## Task instructions
With the pictures left out, print exactly the lines below that run from the one containing "Golden row of tiny skulls ring" through the one containing "The living room".

=== Data shown ===

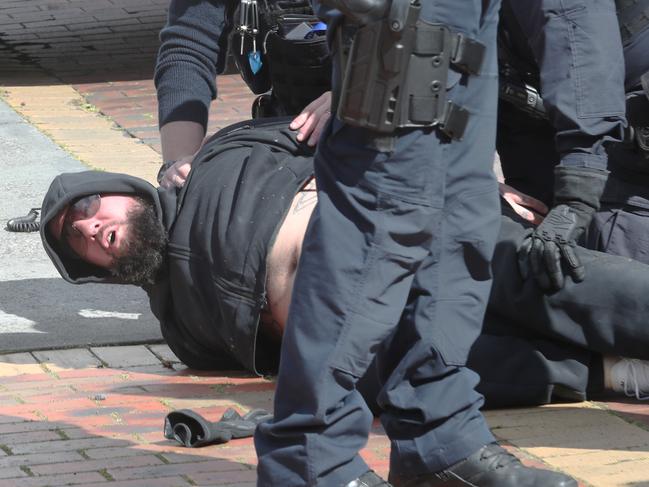 Police restrain a man, believed to be a relative of Preston, after he crossed the police tape. Picture: David Crosling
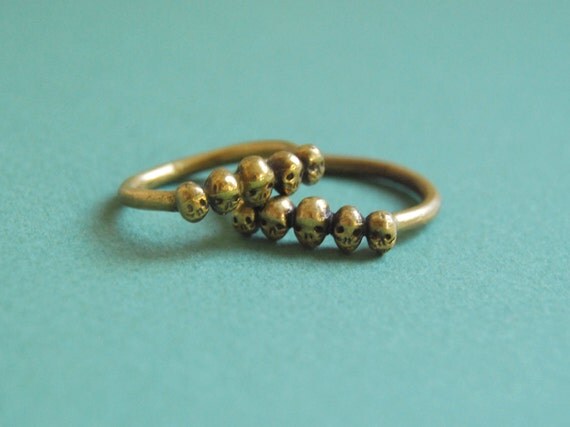 Golden row of tiny skulls ring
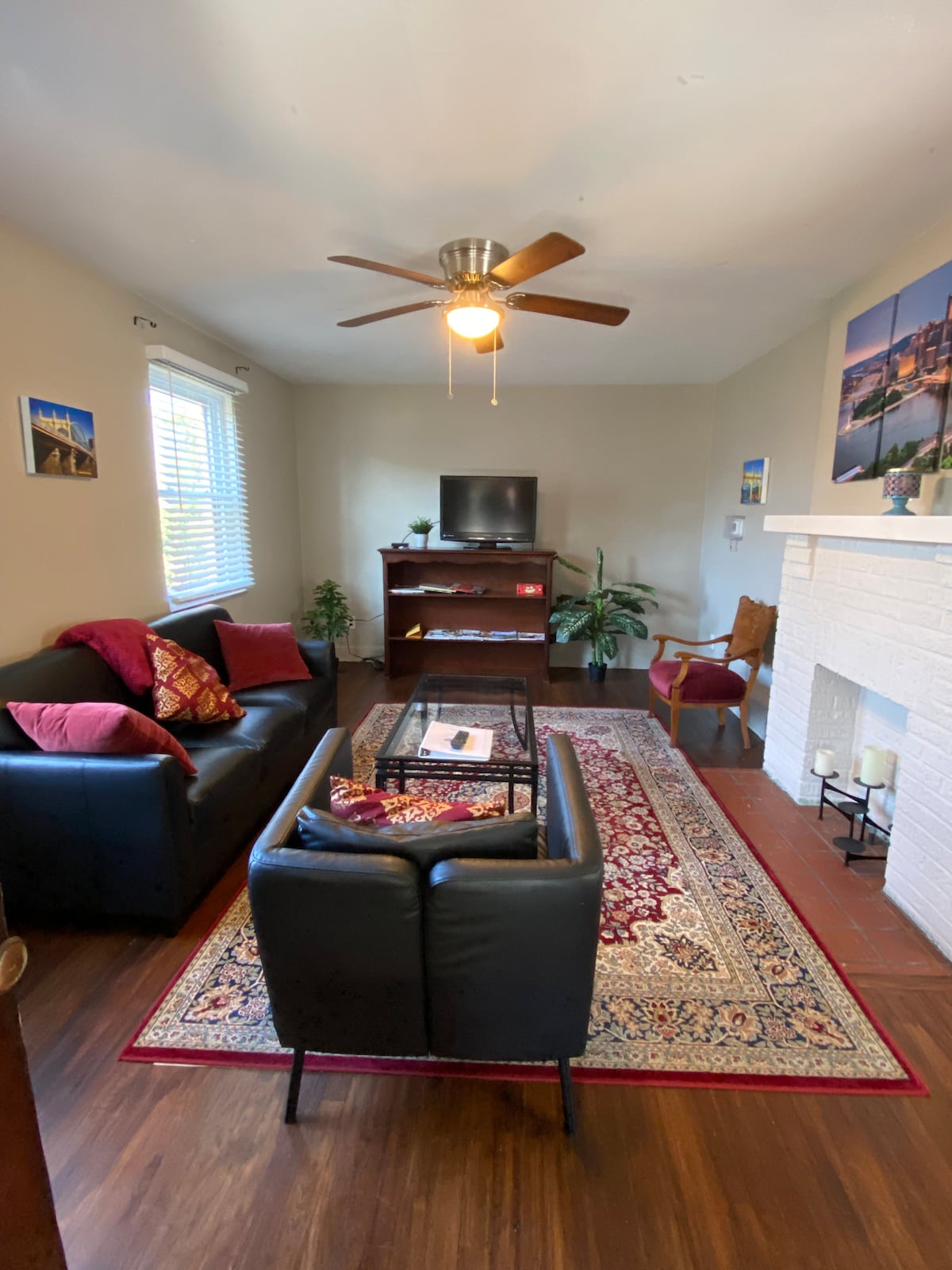 The living room features a comfortable arrangement of dark furniture, including a sofa and chairs, complemented by decorative pillows. A coffee table sits on a patterned area rug. Natural light enters through windows adorned with blinds, and a television is positioned against a white brick wall.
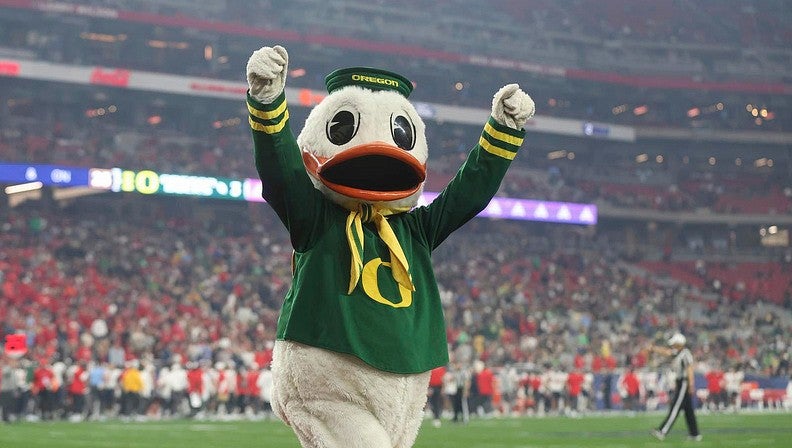 The Duck walking across a football field raising his fists to the crowd.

===

## Response below
 Golden row of tiny skulls ring
 The living room features a comfortable arrangement of dark furniture, including a sofa and chairs, complemented by decorative pillows. A coffee table sits on a patterned area rug. Natural light enters through windows adorned with blinds, and a television is positioned against a white brick wall.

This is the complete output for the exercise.